§ **EXERCISE PROMPT**:
What lines in the following entries hold the word "Used"? Copy each one.

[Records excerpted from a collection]
»»

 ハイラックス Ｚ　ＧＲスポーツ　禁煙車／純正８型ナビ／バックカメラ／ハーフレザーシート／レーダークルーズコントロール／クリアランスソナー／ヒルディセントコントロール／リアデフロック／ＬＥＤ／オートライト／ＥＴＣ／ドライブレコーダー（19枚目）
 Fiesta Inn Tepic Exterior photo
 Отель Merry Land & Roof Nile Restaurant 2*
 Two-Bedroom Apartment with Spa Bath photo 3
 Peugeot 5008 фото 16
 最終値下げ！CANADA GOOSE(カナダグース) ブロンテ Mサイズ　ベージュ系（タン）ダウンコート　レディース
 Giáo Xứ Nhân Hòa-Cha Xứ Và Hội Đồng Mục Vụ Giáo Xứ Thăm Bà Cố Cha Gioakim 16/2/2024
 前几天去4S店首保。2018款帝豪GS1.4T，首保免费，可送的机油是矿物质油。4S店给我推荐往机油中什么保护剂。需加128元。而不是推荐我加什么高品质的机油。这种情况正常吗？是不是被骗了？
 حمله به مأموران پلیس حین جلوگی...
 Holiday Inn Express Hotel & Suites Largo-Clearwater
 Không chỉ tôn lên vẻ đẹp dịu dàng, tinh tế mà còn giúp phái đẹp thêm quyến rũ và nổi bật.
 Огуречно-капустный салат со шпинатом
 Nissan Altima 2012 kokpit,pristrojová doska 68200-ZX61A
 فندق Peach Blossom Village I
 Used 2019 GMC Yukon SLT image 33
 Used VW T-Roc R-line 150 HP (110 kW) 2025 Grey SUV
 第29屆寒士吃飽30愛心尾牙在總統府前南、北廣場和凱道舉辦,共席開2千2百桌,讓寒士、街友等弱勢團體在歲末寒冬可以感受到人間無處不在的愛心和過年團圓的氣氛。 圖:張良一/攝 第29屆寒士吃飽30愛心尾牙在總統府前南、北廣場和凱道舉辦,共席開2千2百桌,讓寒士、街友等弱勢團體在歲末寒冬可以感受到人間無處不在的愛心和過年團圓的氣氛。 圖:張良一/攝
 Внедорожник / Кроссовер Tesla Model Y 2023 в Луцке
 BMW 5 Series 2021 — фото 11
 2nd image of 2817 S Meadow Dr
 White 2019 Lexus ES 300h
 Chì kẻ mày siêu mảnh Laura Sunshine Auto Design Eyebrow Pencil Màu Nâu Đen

««

§ **SOLUTION FOR THIS EXERCISE**:
 Used 2019 GMC Yukon SLT image 33
 Used VW T-Roc R-line 150 HP (110 kW) 2025 Grey SUV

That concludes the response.